* DATASET EXTRACT:
────

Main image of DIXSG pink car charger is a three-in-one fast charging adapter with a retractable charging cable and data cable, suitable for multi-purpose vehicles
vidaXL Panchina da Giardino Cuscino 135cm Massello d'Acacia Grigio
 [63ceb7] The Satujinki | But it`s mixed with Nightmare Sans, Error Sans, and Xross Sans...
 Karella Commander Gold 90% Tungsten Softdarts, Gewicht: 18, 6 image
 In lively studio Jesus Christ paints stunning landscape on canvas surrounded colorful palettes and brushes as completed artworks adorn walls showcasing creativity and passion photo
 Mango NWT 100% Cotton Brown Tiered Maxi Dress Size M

────

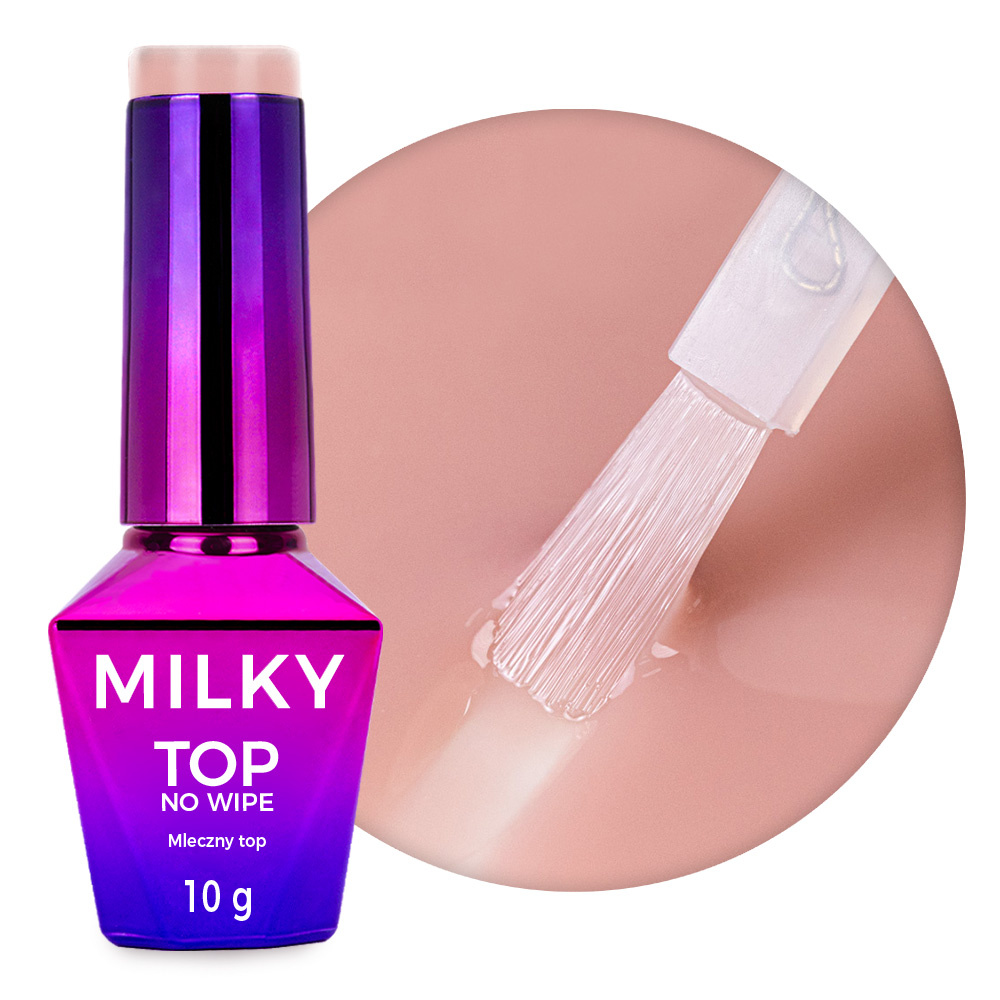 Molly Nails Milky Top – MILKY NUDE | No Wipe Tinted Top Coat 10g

────

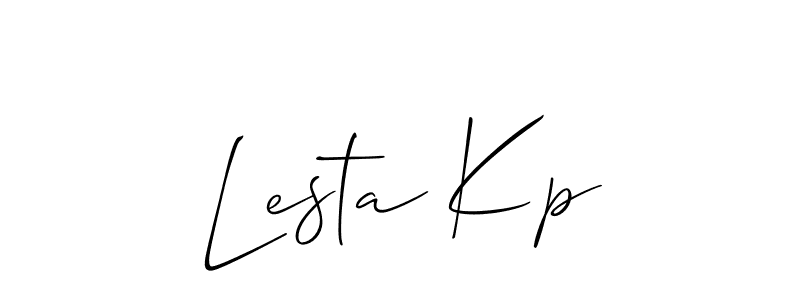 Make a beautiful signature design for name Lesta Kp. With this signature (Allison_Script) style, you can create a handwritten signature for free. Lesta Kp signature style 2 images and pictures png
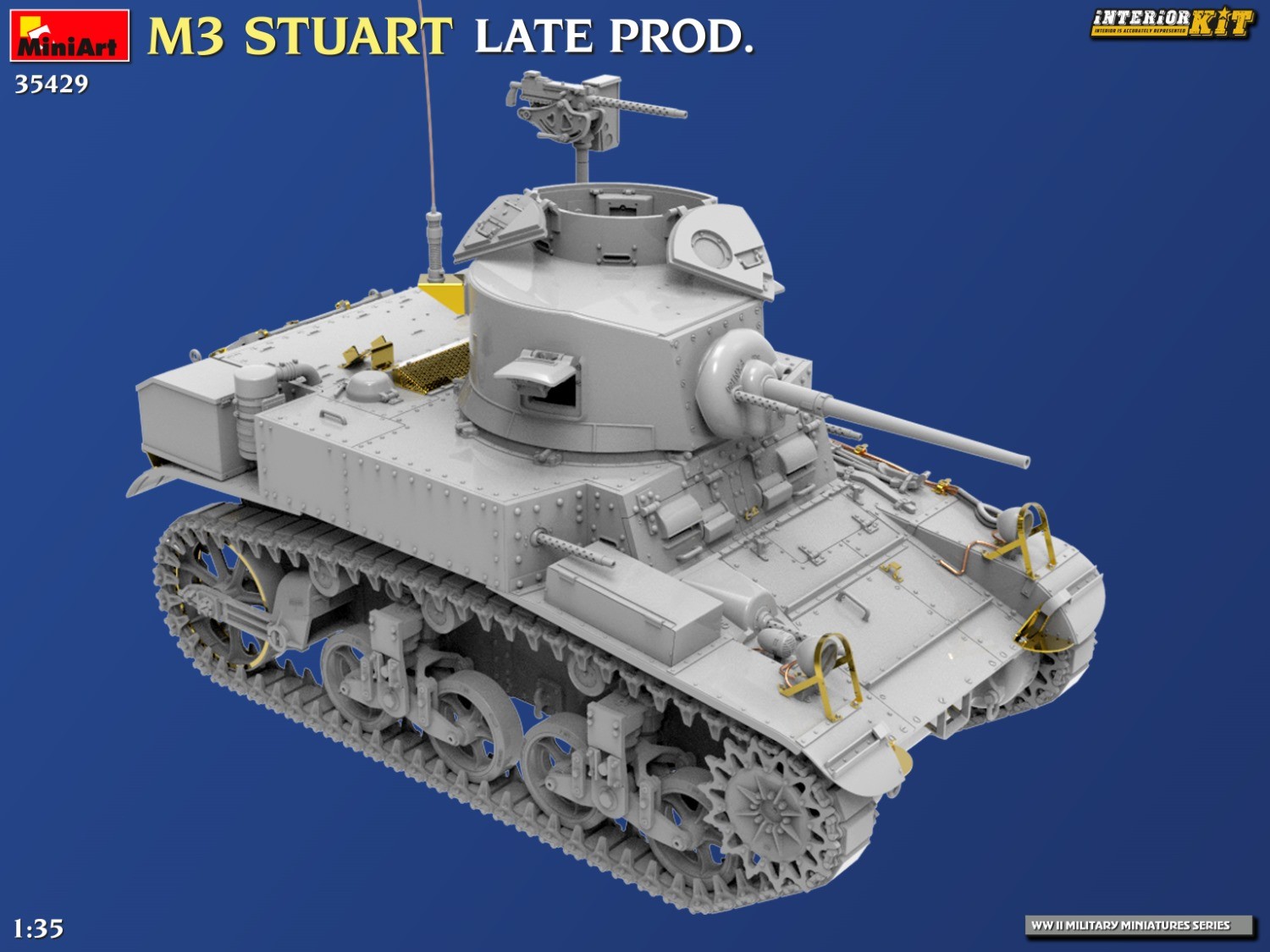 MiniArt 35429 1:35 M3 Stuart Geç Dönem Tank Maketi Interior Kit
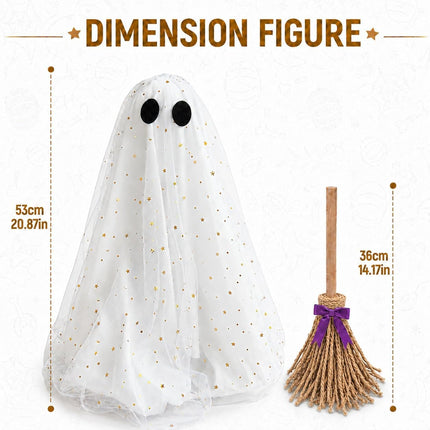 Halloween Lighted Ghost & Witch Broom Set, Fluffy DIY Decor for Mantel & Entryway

────

* ABOUT THIS EXERCISE: Output, from the data above, the lines from the line with "In lively studio" to the line with "Mango NWT 100%" exactly as they stand, both ends included and nothing else.

* THE COMPLETED TASK:
 In lively studio Jesus Christ paints stunning landscape on canvas surrounded colorful palettes and brushes as completed artworks adorn walls showcasing creativity and passion photo
 Mango NWT 100% Cotton Brown Tiered Maxi Dress Size M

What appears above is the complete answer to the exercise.